Przypomnijmy, że w październiku Żandarmeria Wojskowa zatrzymała dwóch innych żołnierzy z powiatu goleniowskiego, którym zarzucono działanie w zorganizowanej siatce przestępczej zajmującej się nie tylko handlem narkotykami, ale również sprowadzaniem ich na teren Polski.
- W sumie ujawniono i zabezpieczono środki odurzające i substancje psychotropowe, amunicję bez wymaganego pozwolenia, przedmioty wykorzystywane do przestępczego procederu, sprzęt teleinformatyczny wykorzystywany do nawiązywania łączności oraz środki finansowe - poinformował wówczas rzecznik Komendanta Oddziału ŻW w Szczecinie, kpt. Piotr Lipka. - Charakter sprawy jest rozwojowy, a w najbliższym czasie możliwe są kolejne zatrzymania w środowisku wojskowym oraz cywilnym - dodał.
Prokuratura zaprzecza jednak, by ostatnie zatrzymania miały związek z tamtą sprawą. - Na obecnym etapie śledztwa nie jest brana pod uwagę wersja o istnieniu zorganizowanej grupy przestępczej - dodaje prok. mjr Jakuszewski.
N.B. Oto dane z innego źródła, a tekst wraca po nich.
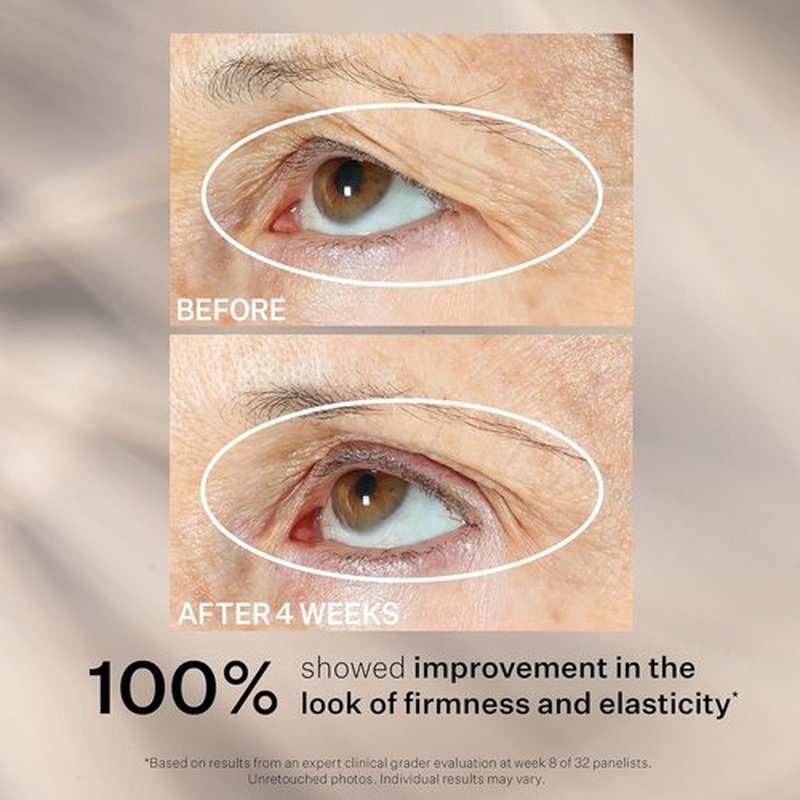 StriVectin Peptight Face Lift Serum - Tightening & Brightening Peptides for Youthful Skin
Nieczysta walka o stanowiska?
W sprawie zatrzymanych żołnierzy pojawiają się też głosy, które mówią, że to część wewnętrznej walki w polskiej armii. - Ostatnio zdarzają się donosy, pomówienia. Są starcia między żołnierzami - mówi nam jeden z wysoko postawionych żołnierzy. - Chodzi o awanse, które w ostatnim czasie miały miejsce. Nie zdziwiłbym się, gdyby tak było w tym przypadku - dodaje.
Za posiadanie i handel narkotykami zatrzymanym żołnierzom grozi od roku do dziesięciu lat więzienia.